You are viewing a plain text version of this content. The canonical link for it is here.
Posted to mapreduce-user@hadoop.apache.org by Stanley Xu <we...@gmail.com> on 2011/05/03 08:09:16 UTC

Is there any way I could keep both the Mapper and Reducer output in hdfs?

Dear all,

We have a task to run a map-reduce job multiple times to do some machine
learning calculation. We will first use a mapper to update the data
iteratively, and then use the reducer to process the output of the mapper to
update a global matrix.
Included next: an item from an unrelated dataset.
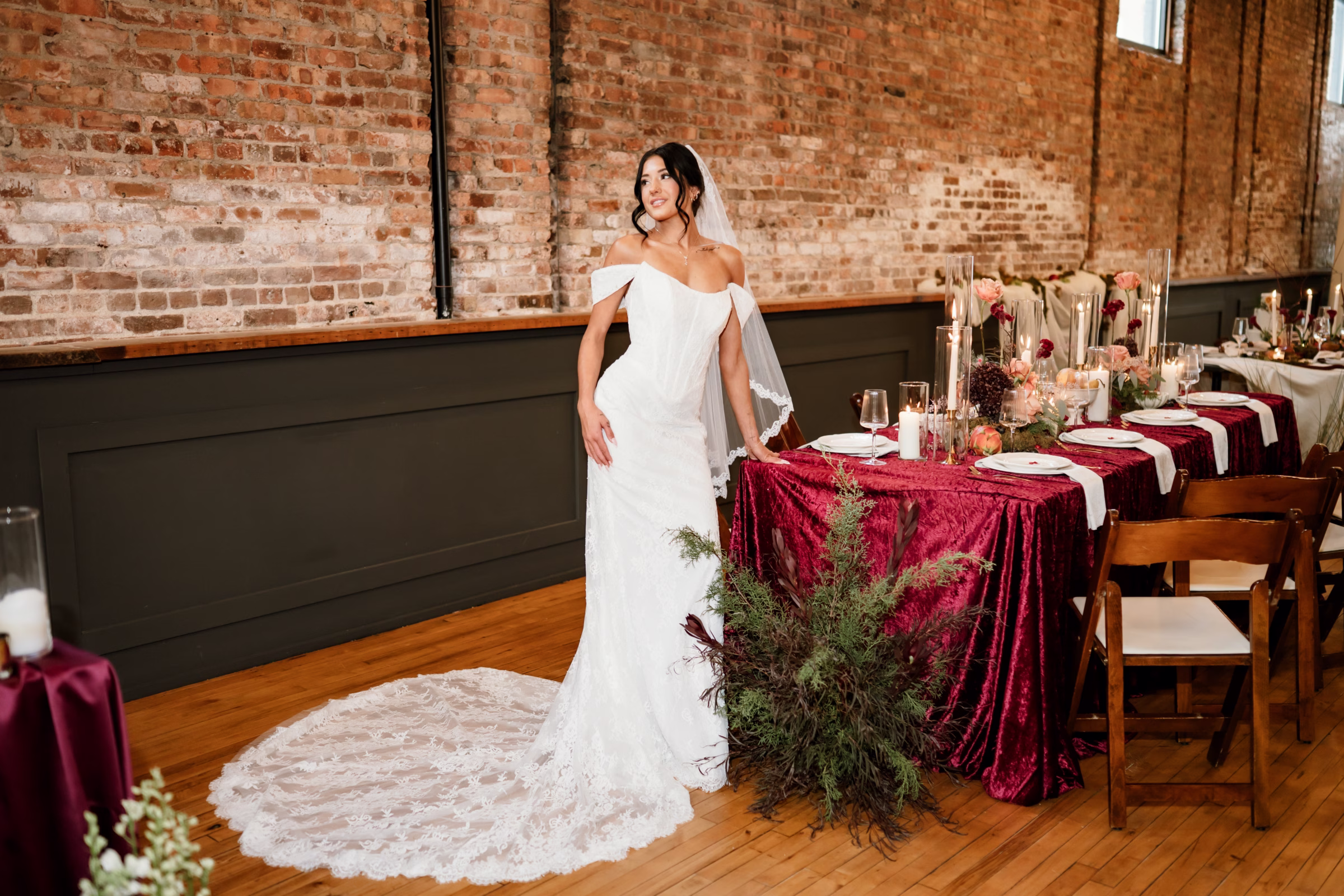 rich velvet fall wedding inspiration mercantile hall burlington wisconsin burgundy tablescape bride fashion 219 - Rich Velvet Fall Wedding Inspiration at Mercantile Hall in Burlington, Wisconsin a bride poses at the end of a reception table showing off her dress from Bon Bon Belle Bridal boutique, along with the natural brick walls of Mercantile Hall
After that, we need to re-use the output of the
previous mapper(as a datasource) and reducer(as a set of parameters) to
re-run the map-reduce again to do another round of learning.

I am wondering is there any setting or API I could use to let the hadoop to
keep both the output of the mapper and reducer? Now it looks if it is a job
contains a reducer, it will delete the intermediate result generated by the
mapper.

Thanks.
Stanley Xu

Re: Is there any way I could keep both the Mapper and Reducer output in hdfs?

Posted by Stanley Xu <we...@gmail.com>.
Thanks Jason, will take a look to try MultipleOutputs for mapper.

Best wishes,
Stanley Xu



On Tue, May 3, 2011 at 11:25 PM, Jason <ur...@gmail.com> wrote:

> It is actually trivial to do using MultipleOutputs. You just need to emit
> your key-values to both MO and standard output context/collector in your
> mapper.
>
> Two things you should know about MO:
> 1. Early implementation has a serious (couple of order of magnitude)
> performance bug
> 2. Output files not created for empty output data.
>
>
>
> On May 2, 2011, at 11:09 PM, Stanley Xu <we...@gmail.com> wrote:
>
> > Dear all,
> >
> > We have a task to run a map-reduce job multiple times to do some machine
> learning calculation. We will first use a mapper to update the data
> iteratively, and then use the reducer to process the output of the mapper to
> update a global matrix. After that, we need to re-use the output of the
> previous mapper(as a datasource) and reducer(as a set of parameters) to
> re-run the map-reduce again to do another round of learning.
> >
> > I am wondering is there any setting or API I could use to let the hadoop
> to keep both the output of the mapper and reducer? Now it looks if it is a
> job contains a reducer, it will delete the intermediate result generated by
> the mapper.
> >
> > Thanks.
> > Stanley Xu
> >
>

Re: Is there any way I could keep both the Mapper and Reducer output in hdfs?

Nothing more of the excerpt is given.